Let's not forget Viking Tactics either.  Kyle Lamb is good people.


----------



## Diamondback 2/2 (Apr 9, 2009)

82nd have you attended some of VTAC's training? What was his prices??


----------



## Tendercare Doc (Apr 13, 2009)

we must not forget gunsite in Arizona


----------



## FNULNU (Apr 16, 2009)

Gunsite has some good instructors.  Too bad it's in AZ though.


----------



## FNULNU (Apr 16, 2009)

Anyone been to any of the Trojan Securities courses?


----------



## parallel (Jun 17, 2009)

I am making progress on the 100 push up challenge. My doc thinks that I might be able to do pretty well during the Magpul Dynamics course if I don't go all kamikaze during the three days. I never would have thought that I would get my range of motion back, but it is happening, and more importantly... it is improving my shooting.:)

I can't wait to write up the review for this training course.


----------



## Diamondback 2/2 (Jun 17, 2009)

I can't wait to read it, I have seen some good stuff about Magpul Dynamics. ;)


----------



## Trooper (Jun 22, 2009)

Has anyone been through the courses offered by Vermont Tactical?


----------



## 104TN (Jul 12, 2009)

Places I’d like to train sooner or later:

Tier One Group
Midwest Training Group (Hackathorn, Langdon, and Bank Miller all do classes here)
Viking Tactics
Surefire Institute
Sig Sauer Academy
Any course by Larry Vickers or Hilton Yam


----------



## Ghostiger7 (Oct 1, 2009)

Frontsite in Vegas:cool:


----------



## parallel (Oct 14, 2009)

I am making final gear preparations for the Magpul Dynamics course. I am as ready as my broken body will allow me to be and I intend to find out EXACTLY what my true limitations are during this training.
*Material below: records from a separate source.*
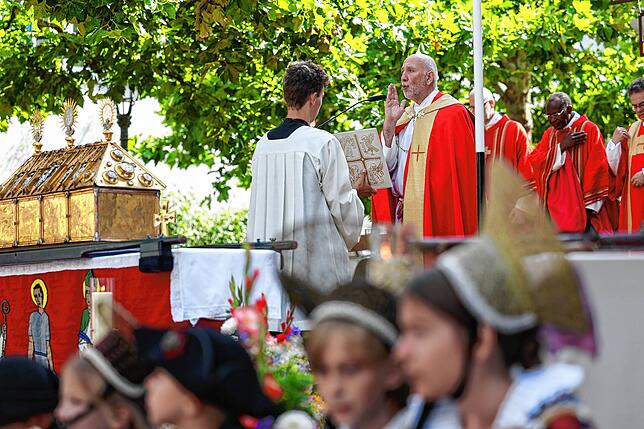 Bild 1: Traditionelles Hausherrenfest in Radolfzell – Die besten Bilder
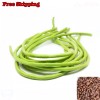Treevale Yardlong Bean, Asparagus Bean, Snake Bean, Chinese Long Bean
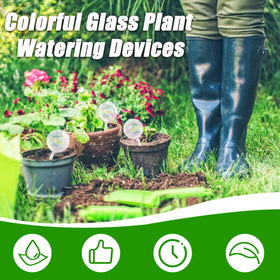 Pynqdfu self-watering globes in a pot, ready to reduce plant care during busy days.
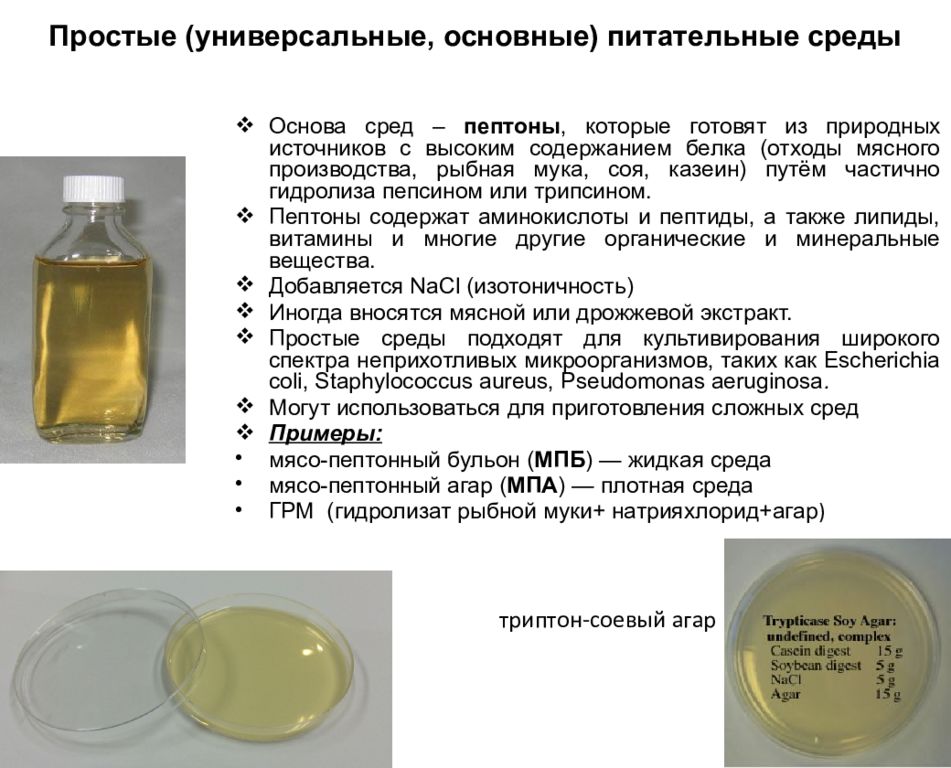 Тема: Классификация питательных сред для культивирования бактерий и ...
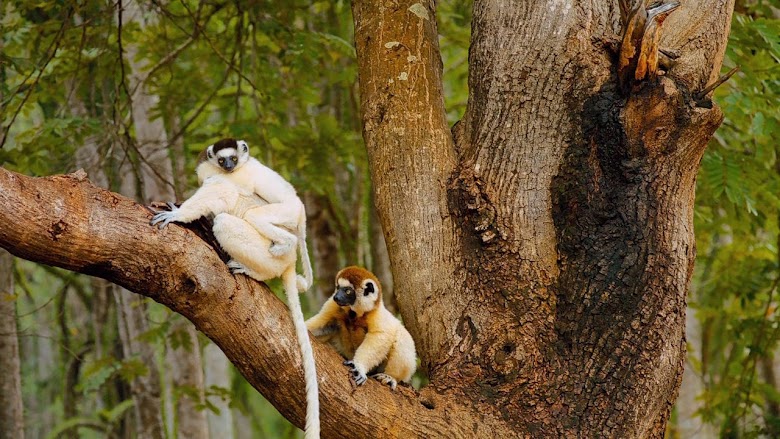Madagascar: L'isola dei Lemuri 2014 film senza limiti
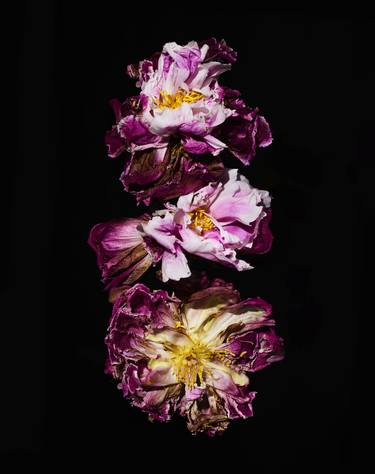 Original Conceptual Floral Photography by Martin Sweers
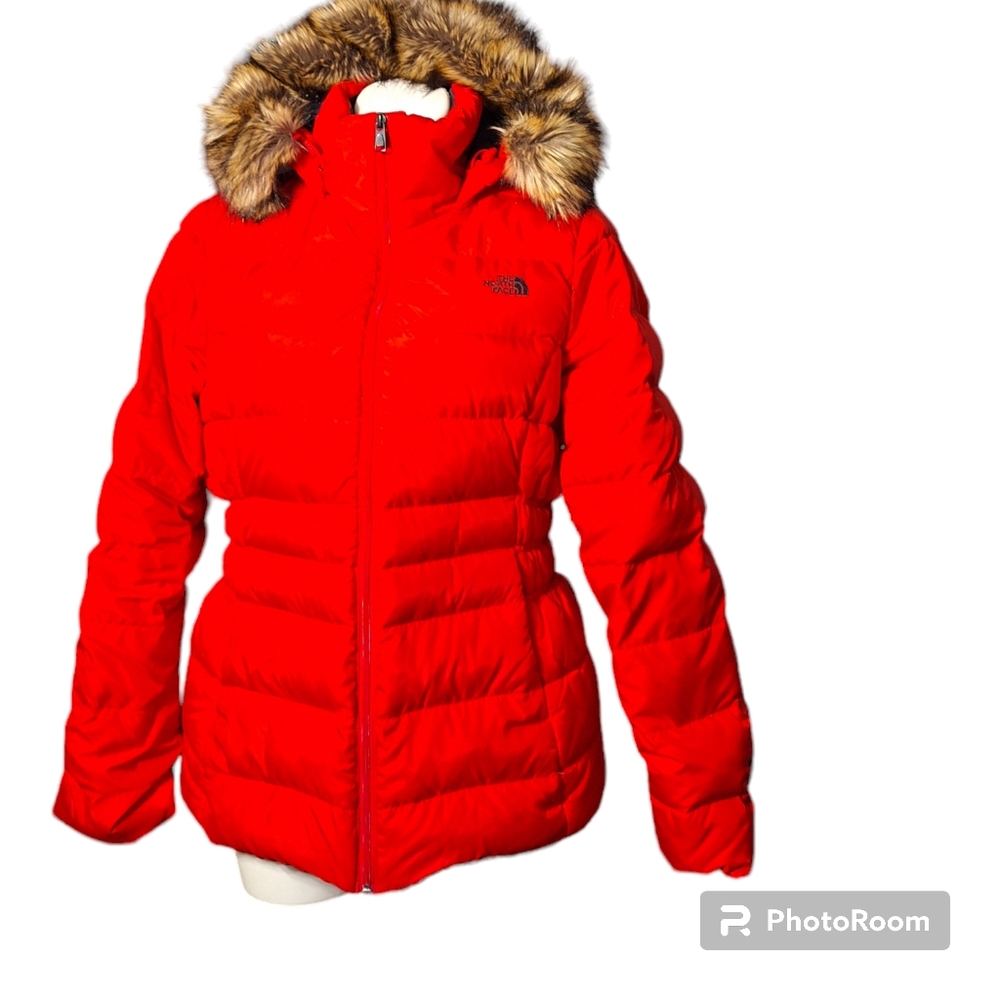 North Face  Down Jacket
I will definitely post a review (from a broke dick's perspective).


----------



## parallel (Nov 6, 2009)

First day is in the books. I'm WAY too tired to write a review tonight (plus I have some gear swapping to do before I can hit the rack), but I will say that thus far I am VERY impressed,


----------



## parallel (Nov 8, 2009)

Second day in the books. I am pleasantly surprised at how well I'm moving and holding up during this fairly intensive course. It makes me want to lobby the doc to get back into doing all of those fun things that I used to do (like mountain biking). I had a carbine (one of mine) blow up in my face. I sustained only minor injuries, but the carbine is toast (it even split the bolt carrier). I will include that story in my review when I write it up. Off to bed.


----------



## Diamondback 2/2 (Oct 25, 2010)

Tiger Swan is shit hot, got the word from a buddy I trust. They teach using the same APRM doctrine my old unit stole from AMU and what we have always heard SFOD-D was using as well. Anyway, very sights & trigger focused and their Instructors are top notch, as per my bud.


----------